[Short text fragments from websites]
· · · · · · ·

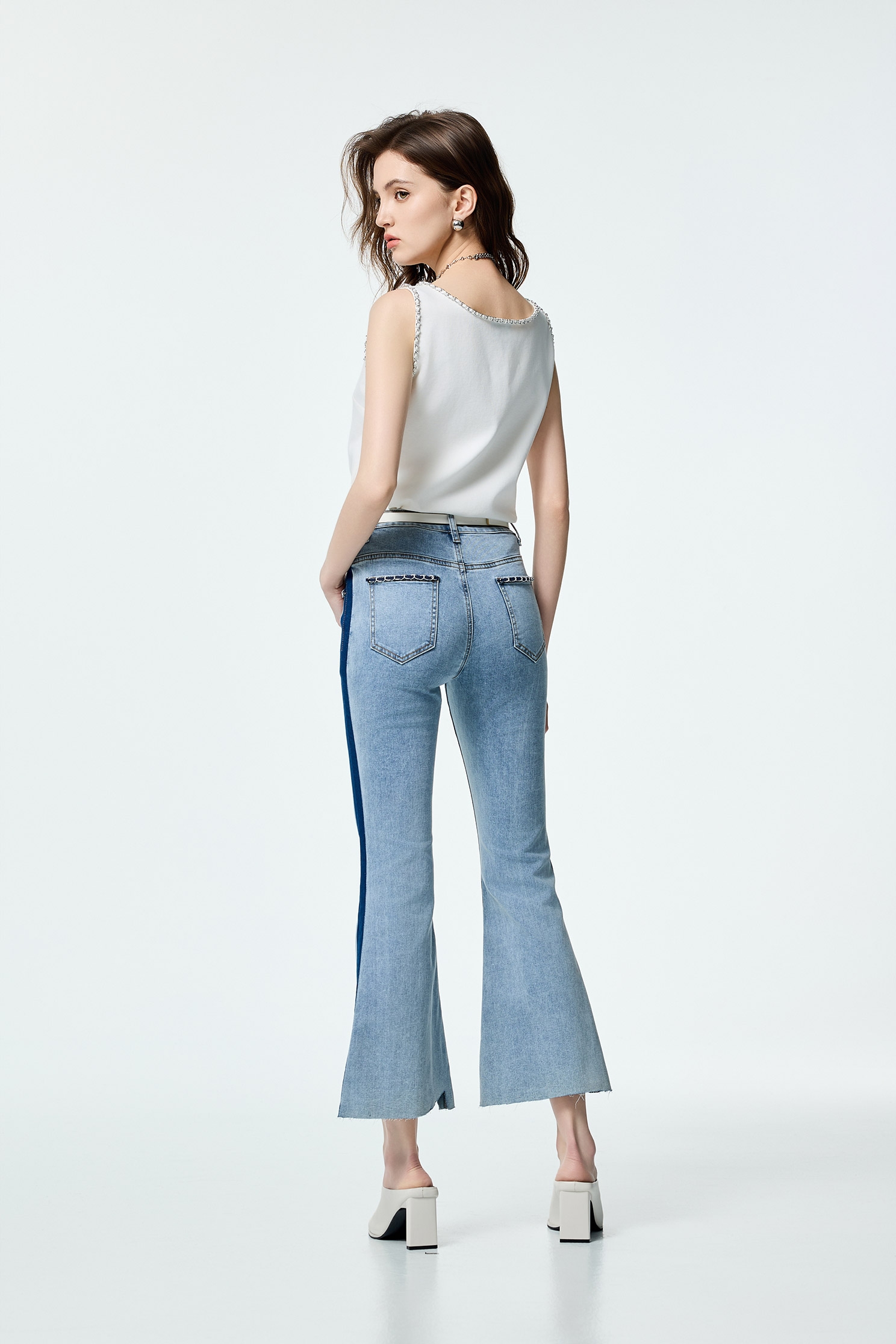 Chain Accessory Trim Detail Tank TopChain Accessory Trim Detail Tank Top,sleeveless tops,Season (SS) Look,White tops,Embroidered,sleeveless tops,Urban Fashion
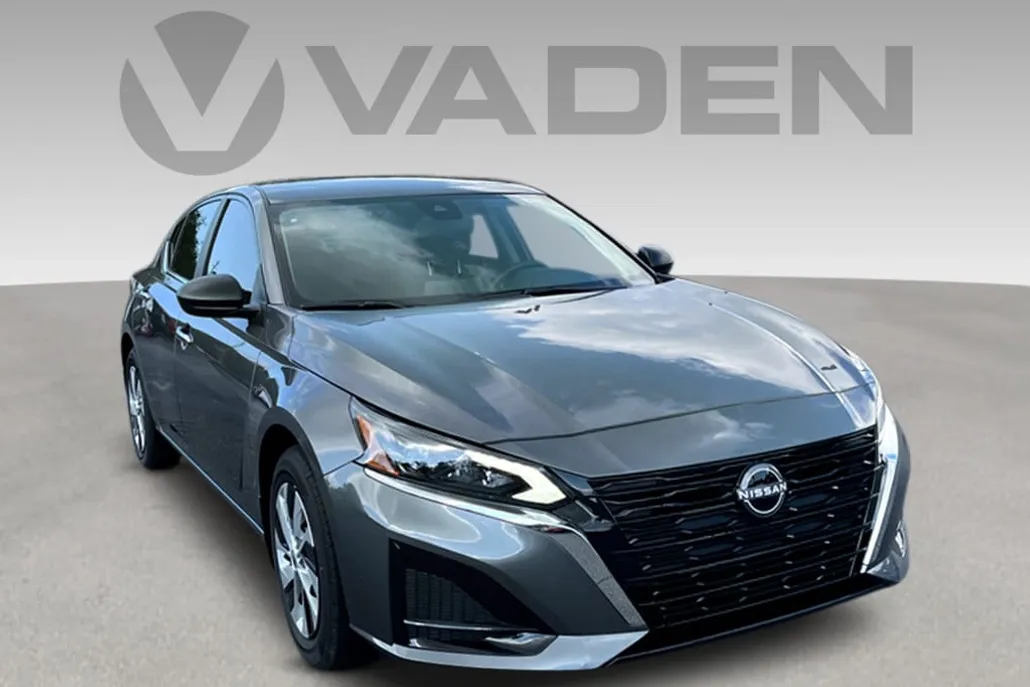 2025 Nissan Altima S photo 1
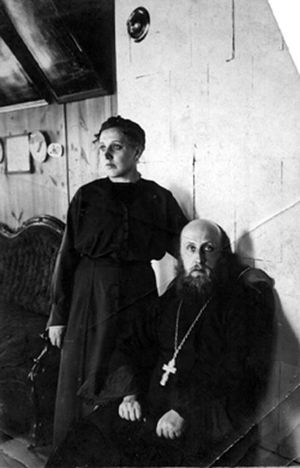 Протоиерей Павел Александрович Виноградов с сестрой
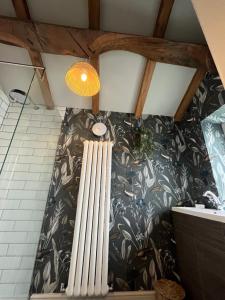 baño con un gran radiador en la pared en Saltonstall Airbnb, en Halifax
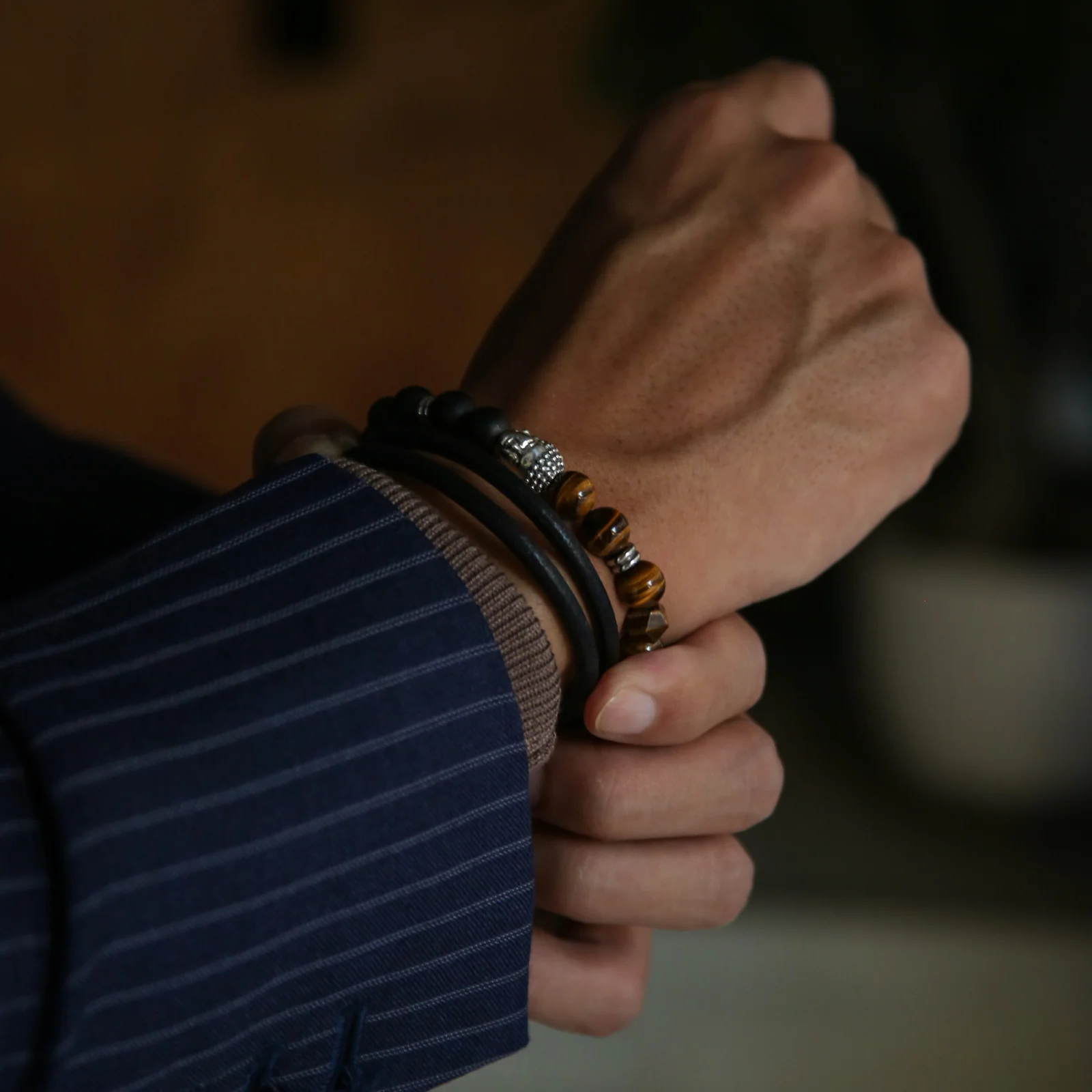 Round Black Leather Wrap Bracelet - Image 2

· · · · · · ·

* _BRIEF_
From the line with "baño con un" through the final line of the records above, return each line exactly and nothing else. Pictures are to be skipped.

* _SOLVED EXERCISE_
 baño con un gran radiador en la pared en Saltonstall Airbnb, en Halifax
 Round Black Leather Wrap Bracelet - Image 2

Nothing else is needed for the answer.